Victims of Terrorism (Module 14, UNODC University Module series: Counter-Terrorism)

The series of Modules on Counter-Terrorism Education, developed within the Education for Justice (E4J) initiative, aim to provide a relevant and valuable resource for lecturers teaching courses on counter-terrorism in universities and academic institutions across the world. The Modules seek to enhance students’ understanding of terrorism, its implications and related issues by providing foundational knowledge on relevant international, regional and national instruments and approaches. To increase their effectiveness, the Modules aim to connect theory to practice, encourage critical thinking, and use innovative interactive teaching approaches such as experiential learning, case studies and group-based work. The Modules are multi-disciplinary and can be integrated in a series of courses ranging from law to international relations, sociology, anthropology, criminology and many other disciplines. Whilst the primary focus is on the United Nations instruments, the Modules leave room for diverse perspectives and lecturers can easily adapt them to different local and cultural contexts.

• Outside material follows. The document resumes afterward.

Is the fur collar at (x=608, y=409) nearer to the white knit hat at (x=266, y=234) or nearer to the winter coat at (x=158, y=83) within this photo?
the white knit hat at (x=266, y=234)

Counter-Terrorism_module_overview_imageModule 14. Victims of Terrorism

One of the primary consequences of terrorism – indeed, normally a principal terrorist objective – is that there are victims. This can take several different forms, such as the loss of life, personal injury, damage to property, being taken hostage, sexual violence and so forth. Yet sometimes the needs or perspectives of victims are overlooked or afforded insufficient attention by the international community. This Module, therefore, examines such issues, drawing upon both legal and interdisciplinary perspectives in examining applicable frameworks, exploring the meaning of key concepts such as ‘victim’ and ‘justice’, and seeking to better understand the needs of victims of terrorism as well as common justice or support challenges faced by them.

Learning outcomes

Consider the meaning and importance of key concepts, especially of “victim”, “trauma”, and “justice” in the specific context of victims.

Explain the international, regional and national legal frameworks governing the rights of victims of terrorism.

Identify some of the principal challenges for victims seeking justice, including reparation and compensation.

Understand the interdisciplinary perspectives, namely of traumatology and victimology, that provide a basis for examining these issues from the perspective of victims.